#### PROVIDED RECORDS
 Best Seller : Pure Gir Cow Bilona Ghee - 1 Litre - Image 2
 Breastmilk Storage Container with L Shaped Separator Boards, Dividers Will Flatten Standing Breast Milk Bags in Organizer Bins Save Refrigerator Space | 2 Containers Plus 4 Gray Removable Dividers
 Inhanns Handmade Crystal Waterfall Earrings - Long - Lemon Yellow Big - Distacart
########
#### PROVIDED RECORDS
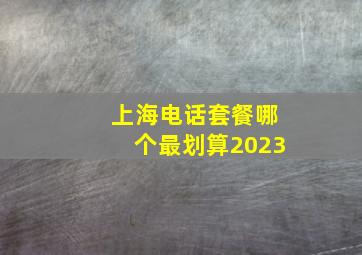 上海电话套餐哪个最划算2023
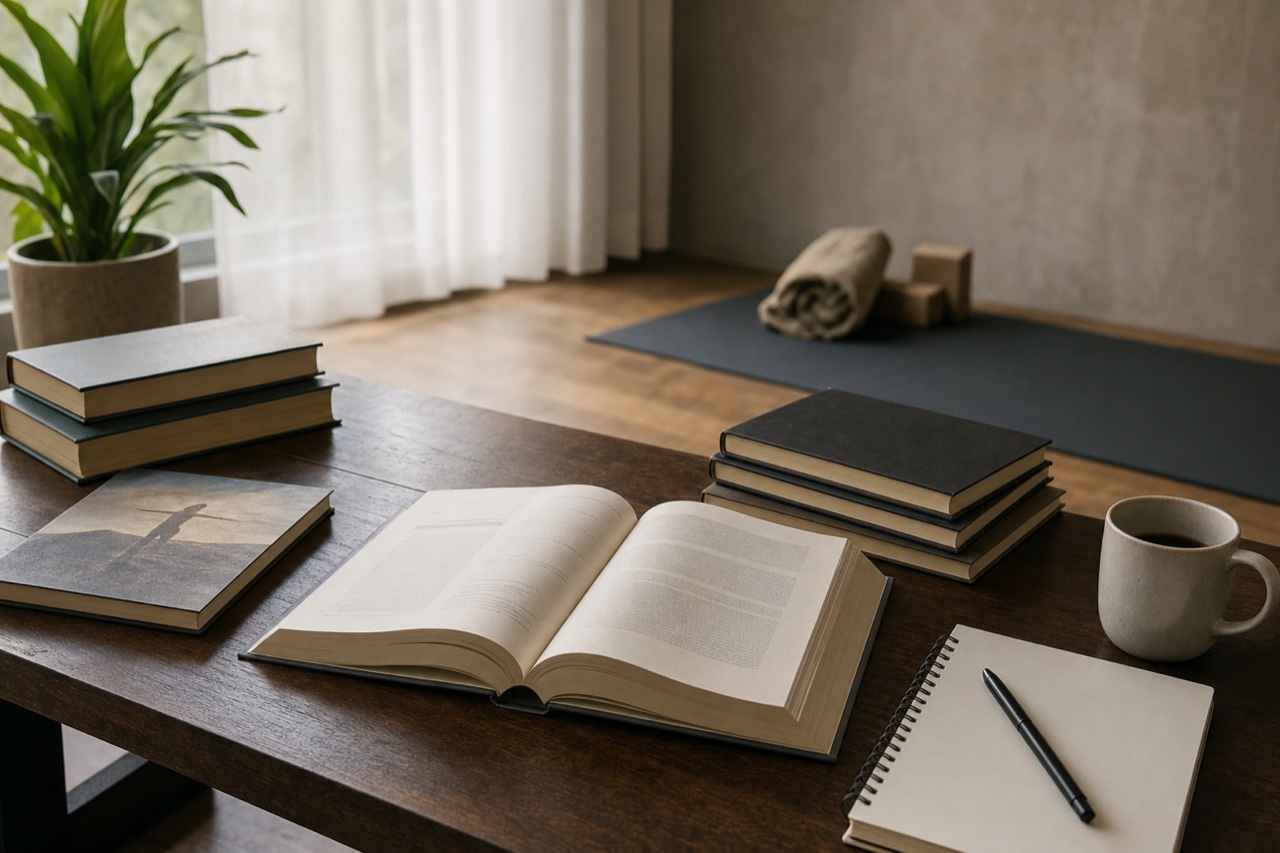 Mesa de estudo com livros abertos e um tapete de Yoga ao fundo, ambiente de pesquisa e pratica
########
INSTRUCTIONS TO FOLLOW >>
Find "Breastmilk Storage Container" in the entries above and copy that whole line exactly, then each line after it through the line that contains "Inhanns Handmade Crystal".

EXERCISE RESULT >>
 Breastmilk Storage Container with L Shaped Separator Boards, Dividers Will Flatten Standing Breast Milk Bags in Organizer Bins Save Refrigerator Space | 2 Containers Plus 4 Gray Removable Dividers
 Inhanns Handmade Crystal Waterfall Earrings - Long - Lemon Yellow Big - Distacart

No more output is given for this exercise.